Abstract

1. Postnatal mortality in isolated congenital diaphragmatic hernia (CDH) is mainly related to the associated pulmonary hypertension (PH) and to right-to-left shunting. 2. Endothelins (ETs) are potent vasoconstrictors and pro-mitogenic peptides. Strong evidences support their participation in CDH and in the etiology of PH via the activation of ET(A) receptors (ET(A)-Rs). 3. Evaluation of the effect of ABT-627, a selective non-peptidic ET(A)-R antagonist, given from -15 to 210 min post-delivery (1 mg kg(-1) bolus +0.01 mg kg(-1) h(-1) infusion, i.v.), was conducted in the lamb model of CDH. 4. Severity of CDH was assessed in comparison to untreated controls (n=5).

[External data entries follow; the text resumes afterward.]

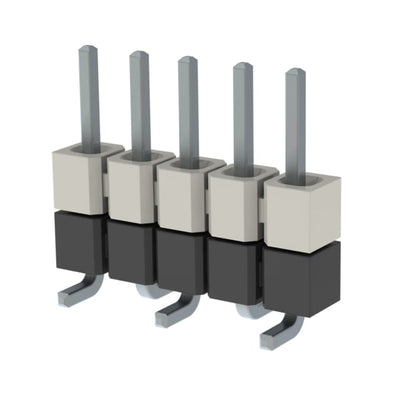 HW-05-08-T-S-250-SM by Samtec Inc. - CONNECTOR HDR 5POS 0.1 STACK SMD TIN
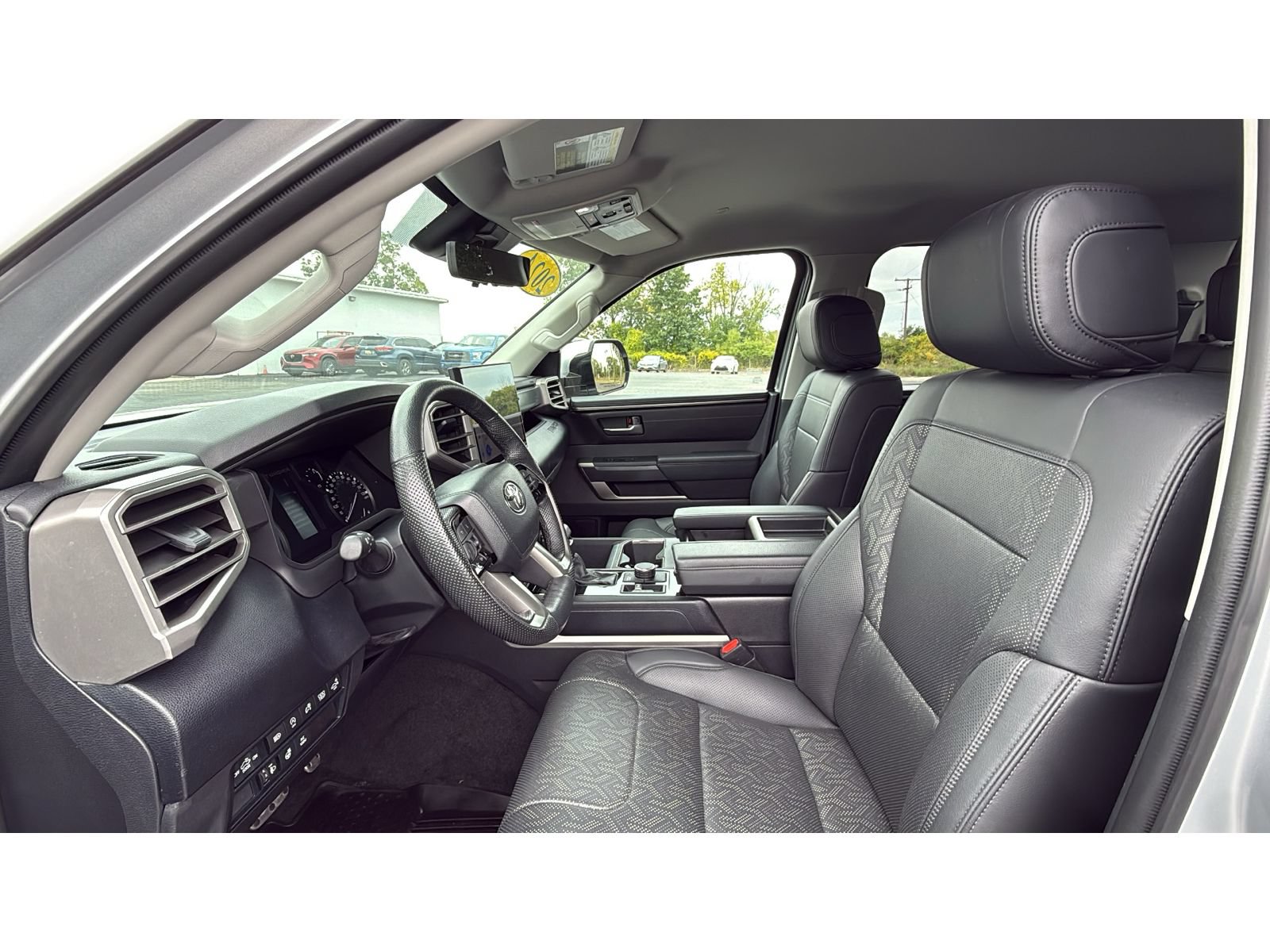 Used 2024 Toyota Tundra SR5 w/ TRD Sport Premium Package AWD/4WD image 28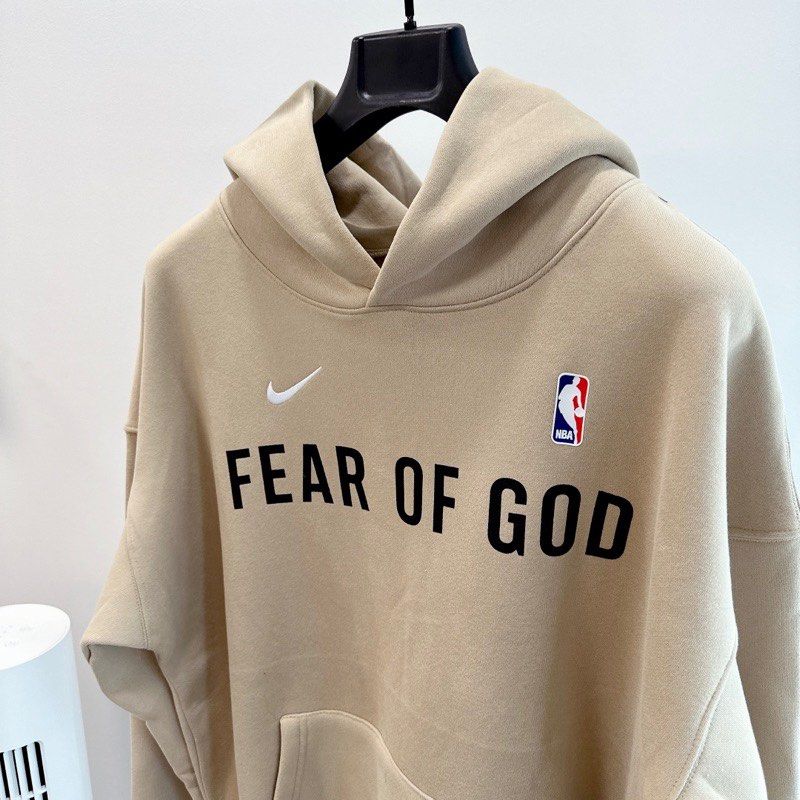 Fear of God x Nike Warm Up Hoodie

Untreated CDH lambs (n=7) had a higher mean pulmonary arterial pressure (MPAP; P<0.0001), lower mean blood pressure (MBP; P=0.0004), higher MPAP / MBP ratio (P<0.0001), lower arterial pH (P<0.0001), higher paCO(2) (P<0.0001), lower paO(2) (P<0.0001) and lower post-ductal pulsatile SaO(2) (P<0.0001) than untreated controls. 5. Treated controls (n=7) showed a higher MPAP, lower MBP, higher MPAP/MBP ratio, lower arterial pH, higher paCO(2), lower paO(2), lower post-ductal pulsatile SaO(2) and lower plasmatic ir-ET ratios compared to untreated controls (P<0.0001). 6. Treated CDH lambs (n=8) showed a higher MBP (P<0.0001), lower MPAP / MBP ratio (P<0.0001), higher arterial pH (P<0.0001), lower paCO(2) (P<0.0001), higher paO(2) (P=0.0228), higher post-ductal pulsatile SaO(2) (P=0.0016) and lower plasmatic ir-ET ratios (P=0.0247) when compared to untreated CDH lambs. 7. These observations revealed that, although acute perinatal treatment with a selective non-peptidic ET(A)-R antagonist had some adverse effects in controls, it attenuated the progressive cardiopulmonary deterioration that occurred after birth in CDH lambs.